Saindo de uma perspectiva mais generalista, basta lembrar-se daquele jovem que você vê todos os dias vendendo balas no ponto de ônibus, se compadece, mas assume para si que ele é um problema do governo. E nesse círculo de transferência de culpas e remorsos corrosivos você vai dormindo, acordando e vivendo, deixando sempre para amanha o dia da sua libertação em que será menos você para ser mais o outro.

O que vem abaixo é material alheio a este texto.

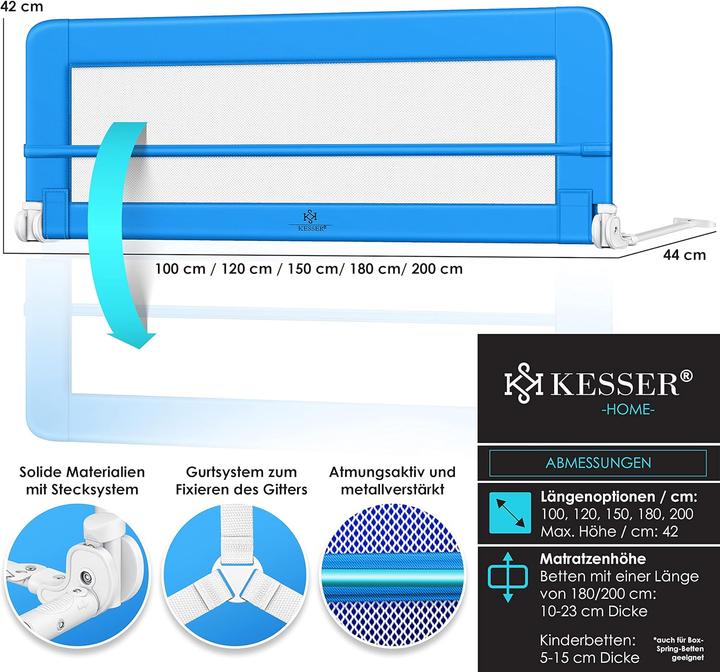 Actual product image Kesser Bettschutzgitter klappbar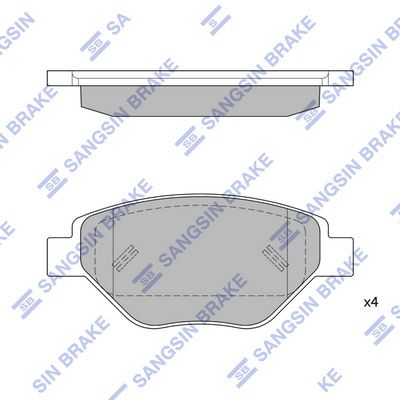 SP1872 Hi-Q Комплект тормозных колодок, дисковый тормоз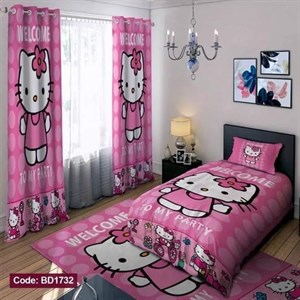 ست کامل ژورنالی روتختی چاپی دخترانه کیتی کد bd1732 (پس کرایه)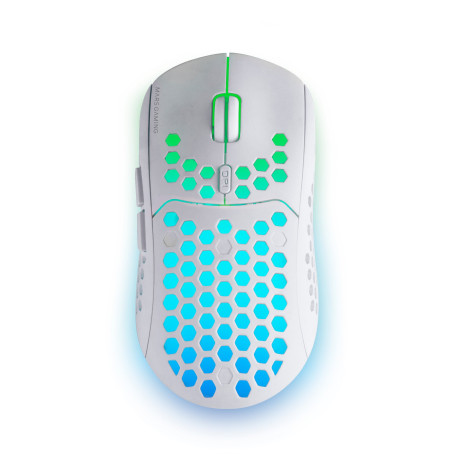 Souris de jeu sans fil Mars Gaming MMW3 Blanc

E nesse ritmo unidirecional, o sino do tempo badala e cobra os dias da sua vida. Contra isso não há lei. Todas as manhãs significam um dia a mais e um a menos, conforme o entendimento de que se morre gradativamente. Um dia poder olhar para trás e ver que a cada minuto de morte foi possível dar vida e alguém é ter a segurança de que valeu a pena viver.

LUCENA FILHO

2 comentários:

JUJUbildes disse...

Olá!
Me lembrei do meu pai, que sempre diz, a cada dia que amanhece: mais um dia; menos um dia. É a vida... Às vezes a gente para mesmo para pensar na morte... Eu, vira e mexe, me pgo pensando na minha, acredita? Até monto a imagem na cabeça: eu no caixão, as pessoas chorando... e fico pensando no sentido da vida. É muito louco e até mórbido pensar na nossa própria morte, mas é o único aconteciemento inevitável por qual todos nós passamos. Não é bom pensar sempre nela, mas exporadicamente serve para repensarmos valores e atitudes...
Beijos!

Anônimo disse...

O que quero, na verdade, é nesta vida sentir o sabor da conquista.

Querer isso não é querer conforto, nem dinheiro, é muito MAIOR que isso, é dizer "eu consegui". Você faria o mesmo.

A prova disso, é querer sentir só o sabor 'só por um dia', ter em mãos a conquista em desenvolvimento e posteriormente com domínio próprio, abandonar só por esse objetivo:

"Qualquer dia amigo, eu volto pra te encontrar!" (por vc!)

Saudade!


[Arriscar com medo de perder dói, mas não me perdoaria se não arriscasse.]